As it turned out, our daughter wanted to go to Willard, so spent our limited energy fighting with other parents for a school bus for her first year, since you have to transfer on AC transit, but she quickly became AC transit literate. My son, who is now in 8th grade at Longfellow, had no desire to go to Willard, and most of his friends are either at King or Longfellow. I think Longfellow is really good, his teachers this year especially are great, and he either takes the bus or walks, a long hike but he enjoys it, at least until the rains!! In sixth grade, he took the school bus, which Longfellow provides, since it is a magnet school. By the time they are in 8th grade, they really don't want to be on the school bus!! If you want more info about this, you can email me at chilp [at] jps.net. I would personally vote for Longfellow- all the construction is done, teaching staff is very good, and since its smaller, it feels less daunting than the other 2 schools.
We had a similar situation last year - we wanted my son to go to Longfellow (both because of the technology program and because it was right around the corner), but he was assigned to King. After many frustrating calls and visits to the Parent Access office, they finally assigned him to Longfellow. I think it helped to be persistent, or maybe we just got lucky. After getting what we wanted, though, his experience at Longfellow was disappointing. Because so much time was spend on "classroom management" stuff, he was bored a lot of the time. Most of the homework appeared to be busy work, and the teachers seemed unwilling to consider any compromises about homework arrangements. This year, I finally gave up on the public school and my son is now going to New Age Academy. He loves school for the first time in his life (whew!). I'd be happy to provide more information to interested parents. Diane
Re: Math Tutor
Have you tried the King homework club? They have teachers available Mon-Thurs afterschool. My daughter, 7th grade, has received lots of help. Her math teacher stays late every Thursday to help students. There is also before school tutoring every morning and the primary focus is math. Dionne
My daughter graduated from King Middle School last spring, and was very pleased with it, as were her mother and I. The principal, Neil Smith, is excellent, as are some of the teachers--Mr. Delepine (math) and Mr. Stanley (orchestra), to name two. The weak points would be social studies (which seems usual in California schools) and the science department--Ms. McCullough is very good, but we're still digging up gems from another science teacher (the first was that Archimedes designed the Trojan Horse). Watch out for teachers who are too fond of the kind of "group work" that is really one or two students per group doing the assignment while the rest goof off and the teacher catches up on paperwork or takes a nap.

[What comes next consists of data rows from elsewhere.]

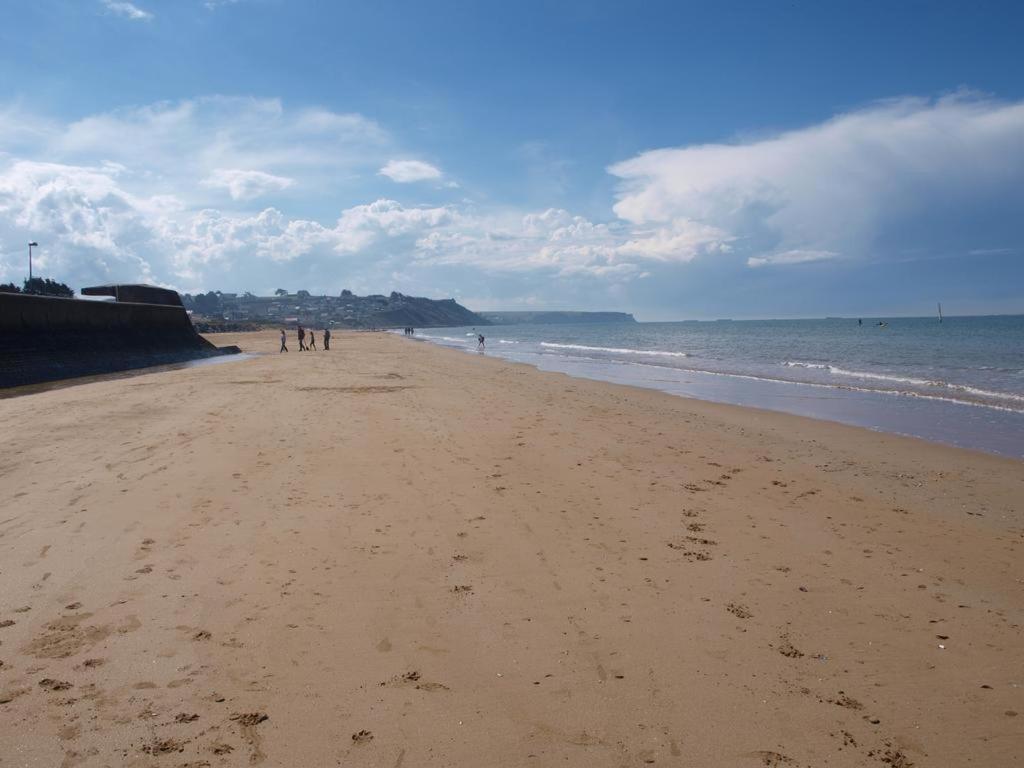 Appartement F1 Mansarde A 100M De La Plage, Proche De Arromanches Et Des Plages Du Debarquement Saint-Come-de-Fresne Экстерьер фото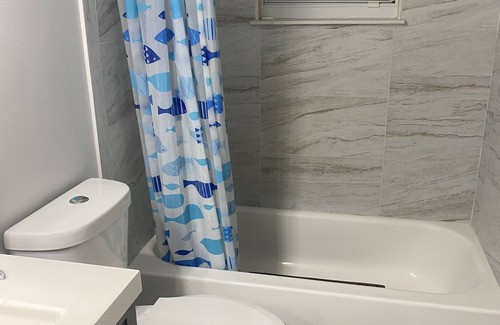 Tamarac House | Cozy Retreat Near Sawgrass Mall with Kitchen & Netflix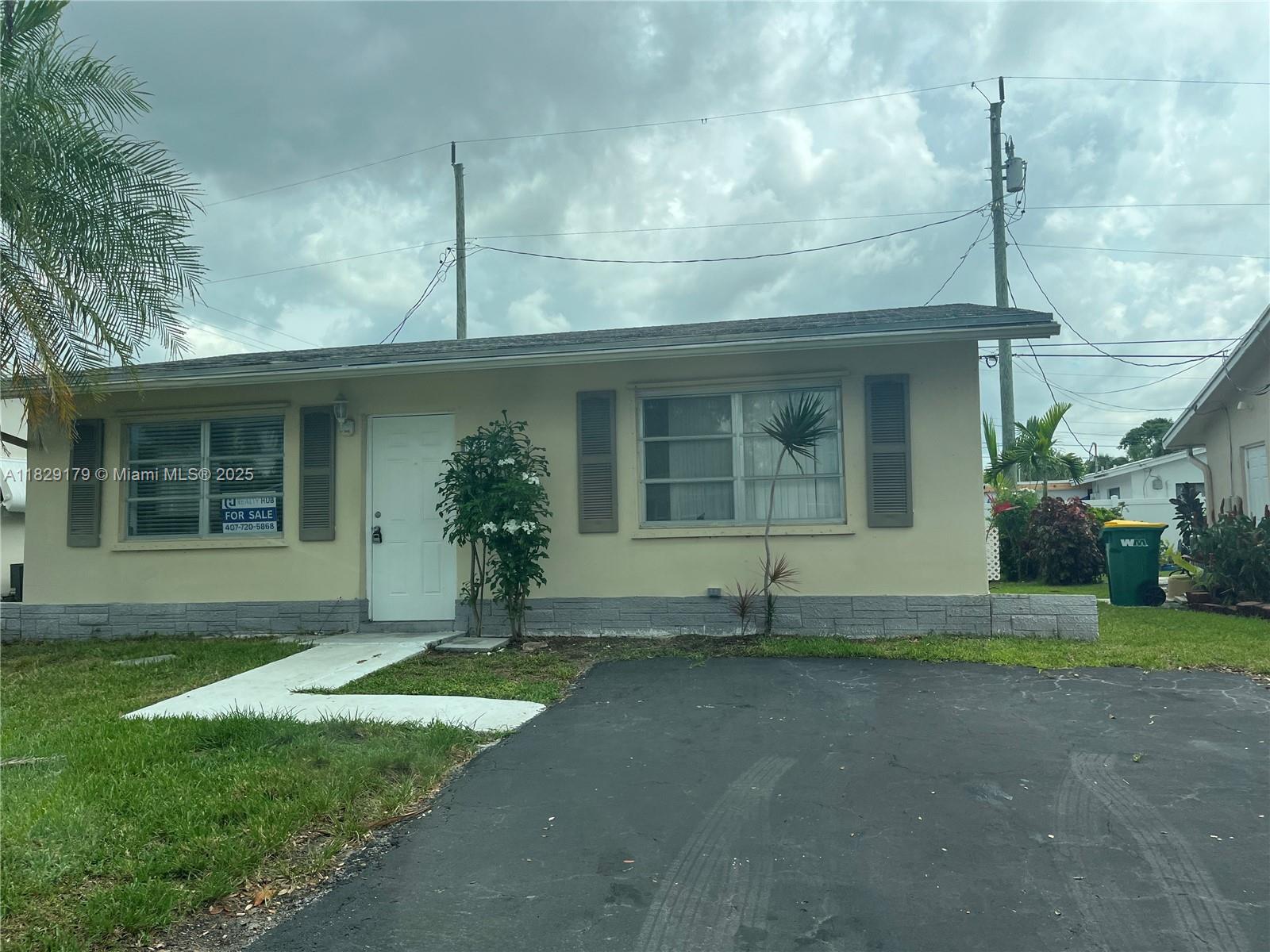 TAMARAC LAKES NORTH 3RD S - Residential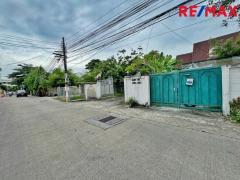 ขายบ้านเดี่ยว วิภาวดีรังสิต 64 – แจ้งวัฒนะ 1 | 129 ตร.วา | 300 ตร.ม. | 5 ห้องนอน 5 ห้องน้ำ | ราคาพิเศษ 14.5 ล้านบาท เหมาะอยู่อาศัยและทำโฮมออฟฟิศ ทำเลใกล้ดอนเมือง–หลักสี่–ศูนย์ราชการแจ้งวัฒนะ-202512151524261765787066824.jpg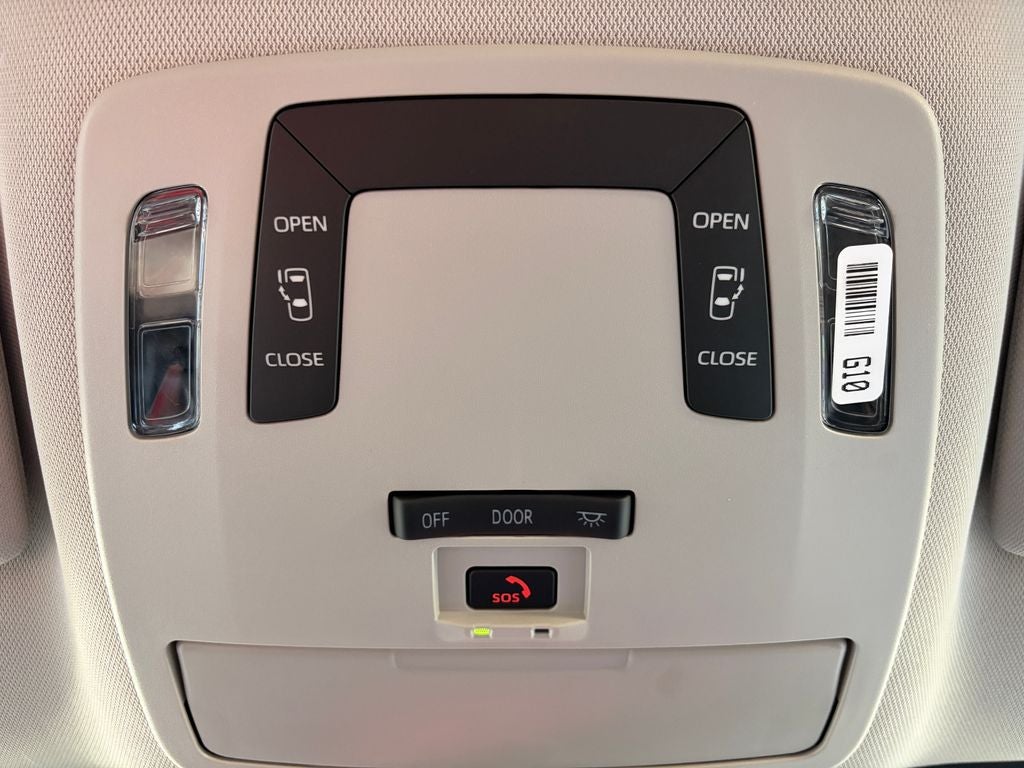 2025 Toyota Sienna LE 8 Passenger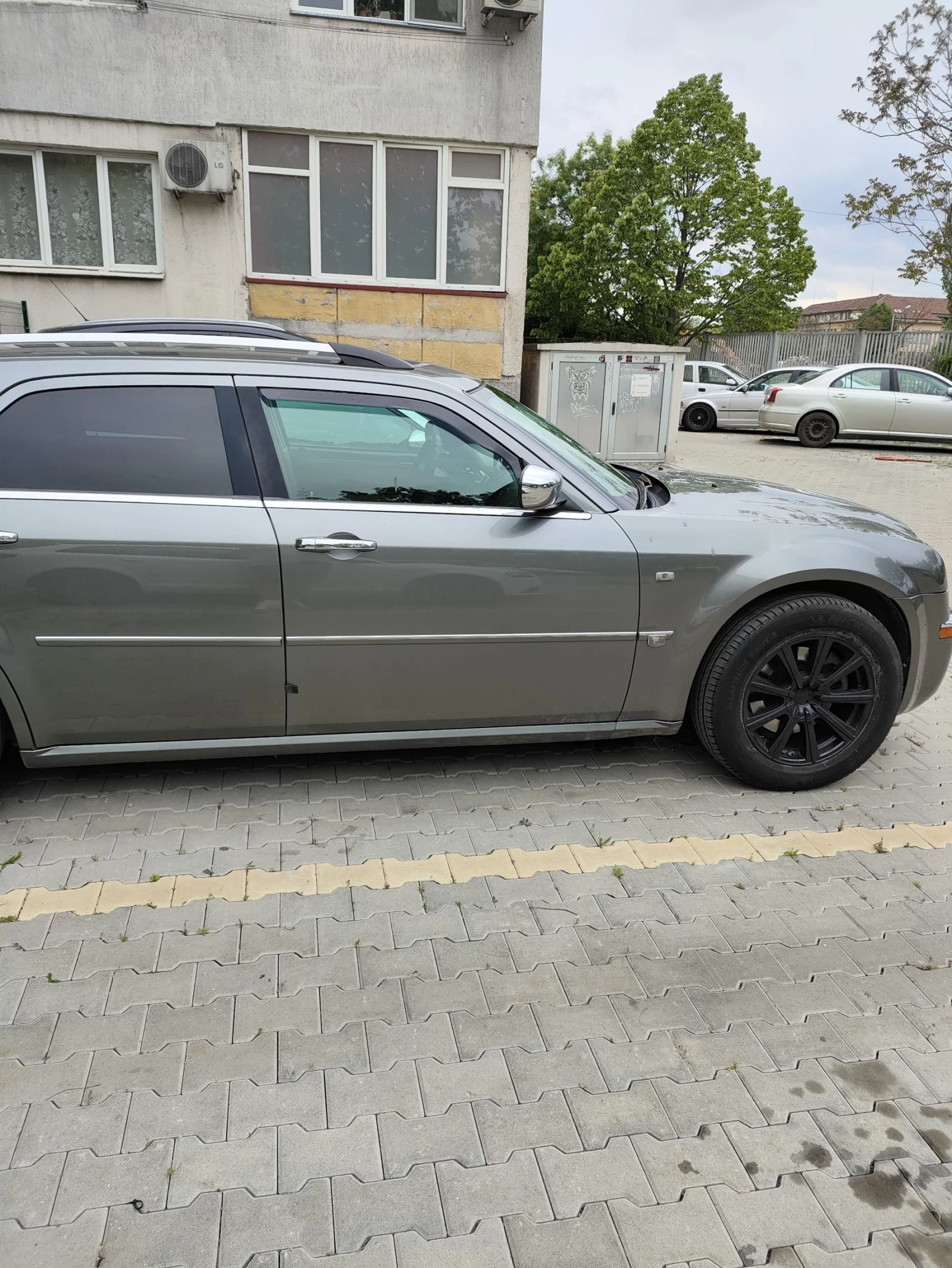 Chrysler 300c | Mobile.bg   7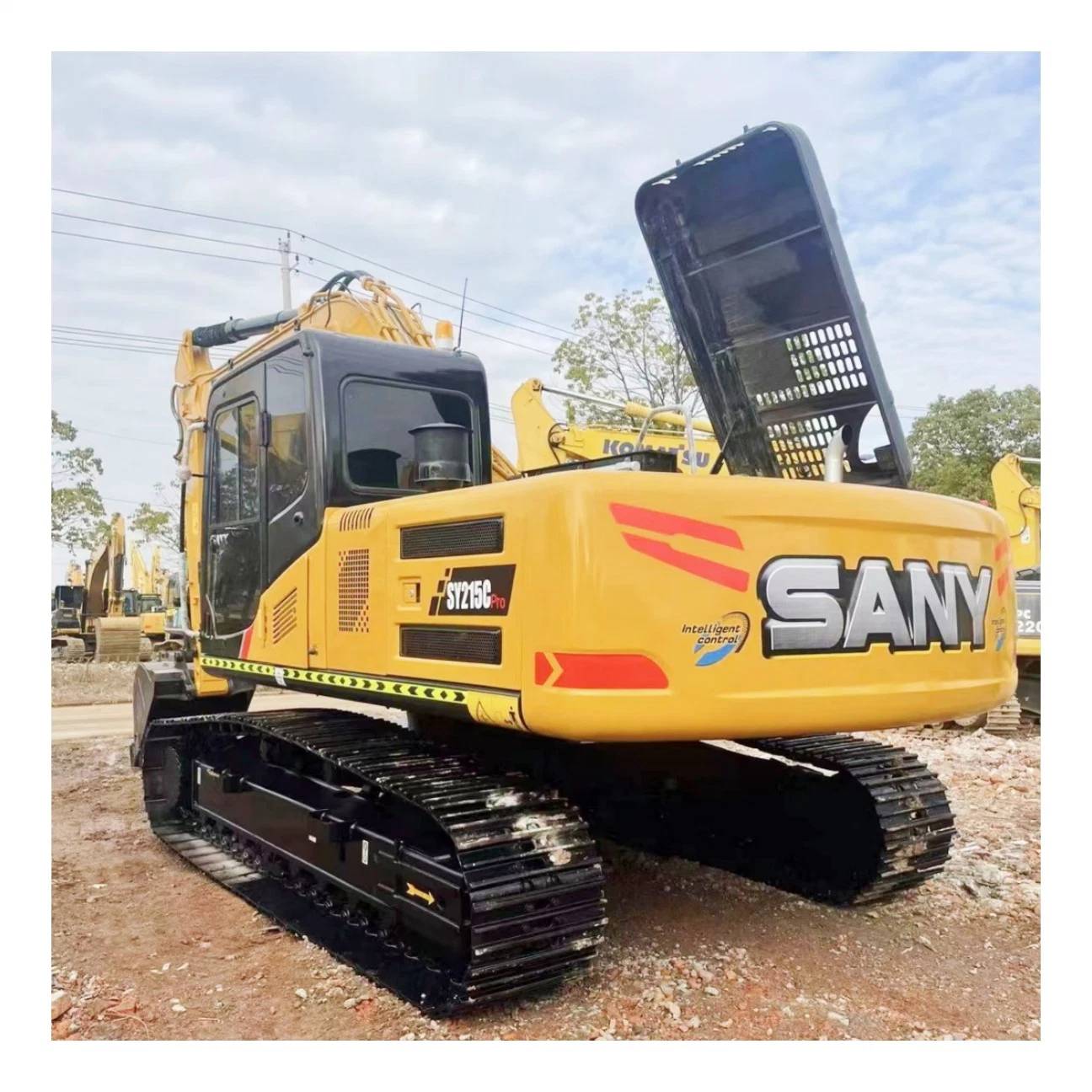 Excavatrice Sany215c d'occasion à vendre à bas prix. Machine à chenilles Sany 215cpro.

Regarding boredom in school, it seems to have been endemic at least since Shakespeare's time:
"Love goes toward love as schoolboys from their books, But love from love, toward school with heavy looks."There is repetition, but at least some of it is unavoidable: some kids are unprepared. (One of the drawbacks of having a good math teacher in 8th grade is that you hear a lot of the same things again in 9th.) Some call for stringent academic standards to deal with this, but I favor moderation: I would rather see some repetition in 9th-grade math classes than see kids kept in middle school another year until they get the Pythagorean Theorem right.
And 14-year-olds as a group tend to complain a lot; a hopeless-ennui hormone seems to kick in around then. I certainly attend to complaints of boredom, try to find their roots, and suggest or take measures to deal with them--but at that age a person is more than old enough to take some responsibility for their own education. If they're bored, they should do something about it--either on their own, or by rattling adults' cages till something happens. That's my take on it, anyway.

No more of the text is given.